FWIW, my simplistic understanding is it works this way.

Smaller pixels gather less light, but the important thing is the total light gathered by the sensor. So, the amount of light per pixel isn't necessarily the key.

Larger pixels have a greater full well capacity. When shooting in good light (so generally low ISO), the greater full well capacity can help because it allows a greater range of results (subtley of tones) than a small pixel which should become full/saturated sooner. On the other hand, a smaller pixel is going to gather less light in a given amount of time, so in the end again, it's not as simple as saying a larger pixel is necessarily better. It depends on how big the difference is between the small and large pixels.

Where a difference comes is that larger pixels potentially mean a greater light-gathering area on the sensor. Each pixel has a "wall", and small pixels mean more pixels for a given size sensor, which means more "walls". Assuming the walls are the same width, more of the sensor is lost to non-light-gathering walls. So, if the pixels have the same QE, the overall sensor QE for the sensor with small pixels is lower than the overall sensor QE for the sensor with large pixels. When there is plenty of light (so assume low ISO), the slightly lower QE doesn't matter. As light level drops though (think higher ISO), the difference in QE starts to become more significant.

Incidentally, I understand this is essentially why BSI sensor designs are regarded as better than the older designs, ie BSI moves some components off the sensor surface which is used for light gathering, so allows the light gathering areas to be larger while the physical size of the sensor stays the same.
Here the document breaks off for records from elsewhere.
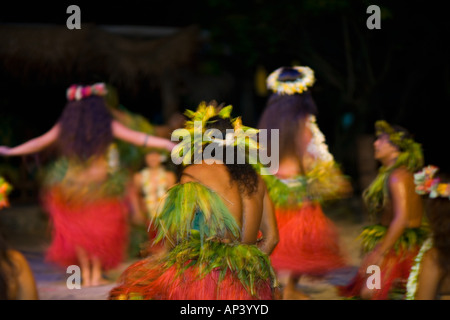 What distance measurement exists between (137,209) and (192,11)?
6431mm

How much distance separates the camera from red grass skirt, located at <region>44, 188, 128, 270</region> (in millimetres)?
5199

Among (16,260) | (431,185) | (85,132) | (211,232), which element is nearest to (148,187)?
(85,132)

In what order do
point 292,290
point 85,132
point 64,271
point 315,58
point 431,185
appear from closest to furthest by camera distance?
point 431,185 < point 292,290 < point 85,132 < point 64,271 < point 315,58

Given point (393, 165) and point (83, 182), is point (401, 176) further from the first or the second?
point (83, 182)

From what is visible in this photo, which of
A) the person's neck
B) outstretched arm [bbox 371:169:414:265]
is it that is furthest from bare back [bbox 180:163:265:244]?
the person's neck

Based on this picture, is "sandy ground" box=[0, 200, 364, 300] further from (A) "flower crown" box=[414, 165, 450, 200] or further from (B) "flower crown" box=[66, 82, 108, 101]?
(B) "flower crown" box=[66, 82, 108, 101]

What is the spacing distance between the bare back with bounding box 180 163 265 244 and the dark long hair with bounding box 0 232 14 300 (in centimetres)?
91

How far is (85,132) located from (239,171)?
234 cm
However, as Sporgon has said, you have to take into account output size too. As you reduce output size, differences becomes harder to pick. As you increase output size, differences get easier to see. But as you increase output size, the lower resolution sensor starts to hit its limit before the higher resolution sensor, so even if it started with any advantage, it ends up having to fight a slightly different issue once output size gets large enough.

If anyone has a better understanding than me, I'm all ears!


----------